Exercise: Starting with the line that mentions "great tasty huge", repeat each line verbatim until the entries end, both ends included.

Material provided:
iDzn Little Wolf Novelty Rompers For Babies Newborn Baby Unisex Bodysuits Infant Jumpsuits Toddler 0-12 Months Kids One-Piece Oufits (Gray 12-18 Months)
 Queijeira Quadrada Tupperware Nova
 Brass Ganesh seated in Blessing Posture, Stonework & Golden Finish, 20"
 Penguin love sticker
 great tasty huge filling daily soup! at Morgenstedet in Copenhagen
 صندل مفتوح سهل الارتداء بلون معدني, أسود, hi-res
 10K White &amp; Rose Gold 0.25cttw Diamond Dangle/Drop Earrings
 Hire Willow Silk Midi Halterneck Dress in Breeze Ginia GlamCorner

Task output:
 great tasty huge filling daily soup! at Morgenstedet in Copenhagen
 صندل مفتوح سهل الارتداء بلون معدني, أسود, hi-res
 10K White &amp; Rose Gold 0.25cttw Diamond Dangle/Drop Earrings
 Hire Willow Silk Midi Halterneck Dress in Breeze Ginia GlamCorner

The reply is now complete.